This article was originally published on 1 Minute Critic


There’s an endlessness to Los Angeles that’s impossible to capture in words, yet the Hammer Museum manages to distill its essence through a variety pack of disciplines and mediums every two years.

 

The Made in LA biennial is essentially a recurring attempt to fuse the harmony and chaos of the city to showcase the never-ending reinvention that defines it. This year, Essence Harden and Paulina Pobocha have brought together 28 artists whose works clearly articulate how the coastal concrete sprawl is best enjoyed in fragments. In fact, the lack of continuity is the collection’s greatest strength — exactly like the region it pertains to, navigating the different pieces with no plan is what makes them so compelling.

 

The freakishly defined malfunctions of Ali Eyal’s And Look Where I Went are an instant eye-catcher, while Beaux Mendes offers equally gripping imagery through two separate, cross-dimensional interpretations of Dr. Lazarus. On the other hand, Pat O'Neill and Peter Tomka take a more somber approach in their photography through black-and-white processing. Elsewhere, Alake Shilling’s 25-foot Buggy Bear Crashes Made in LA sculpture positioned outside the venue perfectly prefaces the wonkiness of her glazed ceramic models displayed inside.


Mister Spitz by Alake Shilling (Glazed ceramic and enamel paint, 2021)
Mister Spitz by Alake Shilling (Glazed ceramic and enamel paint, 2021)

 Amid the endearing mayhem of it all are seven paintings by local visual craftsman Greg Breda that glue all the fragments together and give the exhibition a cohesive touch.

 

Each installment of the series was conceived in 2025, made up of acrylic on polyester canvas across the board. From the tranquility of Enoch’s Meditation to feelings of optimism brought on by Reaching Beyond the Boundaries, his spiritual exploration of emotions takes on a specificity through the bodies and faces of Black folk.

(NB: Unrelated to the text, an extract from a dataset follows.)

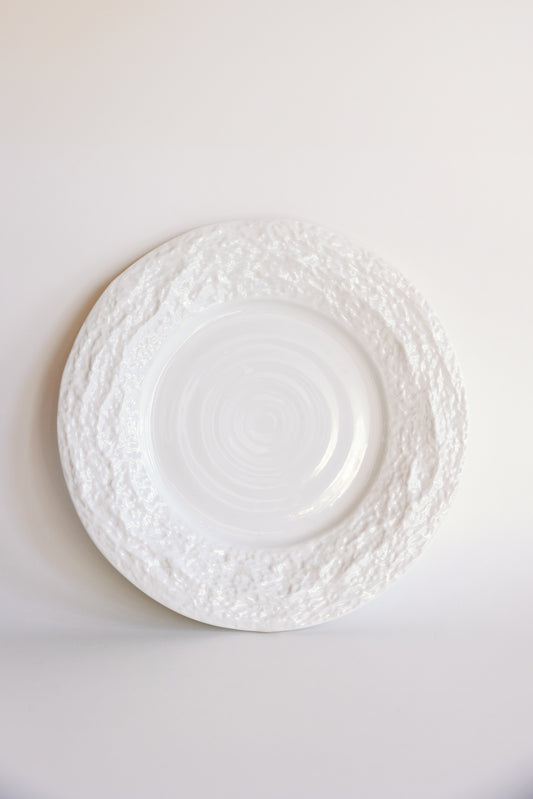 White Alpine Snow porcelain dinner plate with textured crackled rim and swirled center on a pale background.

Enoch's Meditation by Greg Breda (Acrylic on polyester canvas, 2025)
Enoch's Meditation by Greg Breda (Acrylic on polyester canvas, 2025)

The racial anatomy of his subjects creates a nuanced subcategory of the human condition, which he conveys with great precision by finding that perfect temperature between light and dark shades. The submissive tone of Morning Comes, but Also the Night isn’t the same as the tired acceptance Here I Am seems to depict, but all seven paintings are bound together by a complex set of feelings people of all shades can relate to.